The ResNet18 model results in a 512 dimension feature vector after the GAP layer in a ResNet18.

In [4]:
import torchvision.models as models
import torch
from torch import nn

CUDA_AVAILABLE = torch.cuda.is_available()

# Creating an example deep feature extractor to describe images
model = models.resnet18(pretrained=True)
model = nn.Sequential(*list(model.children())[:-1])
model = model.eval()

if CUDA_AVAILABLE:
    model = model.cuda()

# XAI Components <a name="XAI-Components-similarity"></a>
Here we will set up XAI components that comprise image perturbation and similarity-based saliency map generation.

We will start with the sliding-window perturbation method and the similarity-based saliency map generation method.

In [5]:
from xaitk_saliency.impls.perturb_image.sliding_window import SlidingWindow
from xaitk_saliency.impls.gen_descriptor_sim_sal.similarity_scoring import SimilarityScoring

# Constructing xaitk implementations for SimilarityBased Saliency generation with
# sliding windows based perturbers.
slid_algo = SlidingWindow(window_size=(40, 40), stride=(15, 15))

similarity_alg = SimilarityScoring()

In [6]:
from torch.autograd import Variable
from torchvision import transforms


class SimilarityBlackbox():
    
    def __init__(self,
                model):
        self.model = model
        self.model_input_size = (224, 224)
        self.model_mean = [0.485, 0.456, 0.406]
        self.blackbox_fill = np.uint8(np.asarray(self.model_mean) * 255)    
        self.model_loader = transforms.Compose([
            transforms.ToPILImage(),
            transforms.Resize(self.model_input_size), 
            transforms.ToTensor(),
            transforms.Normalize(
                mean=self.model_mean,
                std=[0.229, 0.224, 0.225]
            ),
            ])

    def image_loader(self, image):
        image = self.model_loader(image).float()
        image = Variable(image, requires_grad=False)
        if CUDA_AVAILABLE:
            image = image.cuda()
        return image.unsqueeze(0)

    @torch.no_grad()
    def __call__(self, image):
        featureVec = self.model(self.image_loader(image))
        return featureVec.cpu().detach().numpy().squeeze()

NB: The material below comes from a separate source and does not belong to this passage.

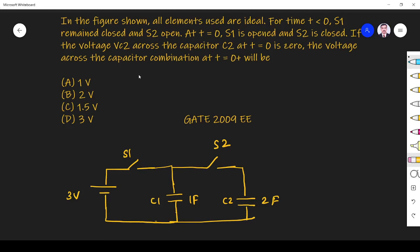Hi friends, in this video let us discuss a security-related question asked in GATE 2009 EEE paper.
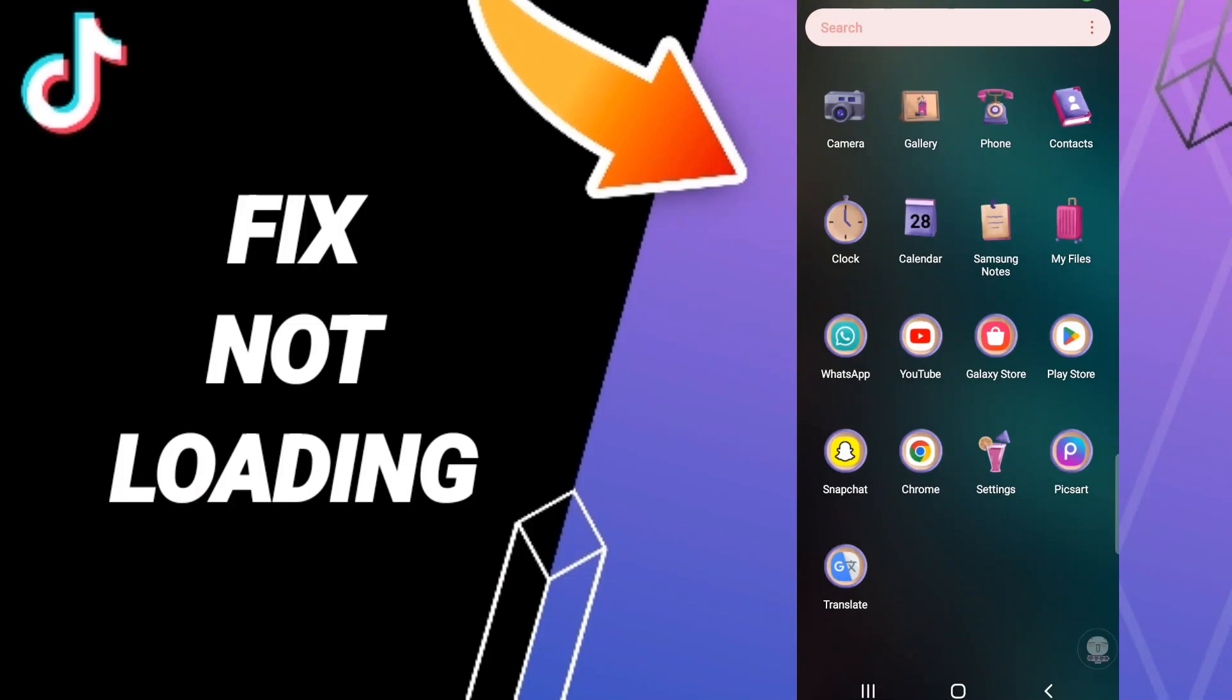Hello everybody, today we'll talk about how to fix or solve TikTok not loading. To fix or solve TikTok not loading, you should just go to settings.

simbbox = SimilarityBlackbox(model)

# Calling the Application <a name="Calling-the-Application-similarity"></a>
Here we will show that we can invoke the same "application" (function) with different `xaitk-saliency` API interface implementations while still successfully executing and visualizing the different results that are generated.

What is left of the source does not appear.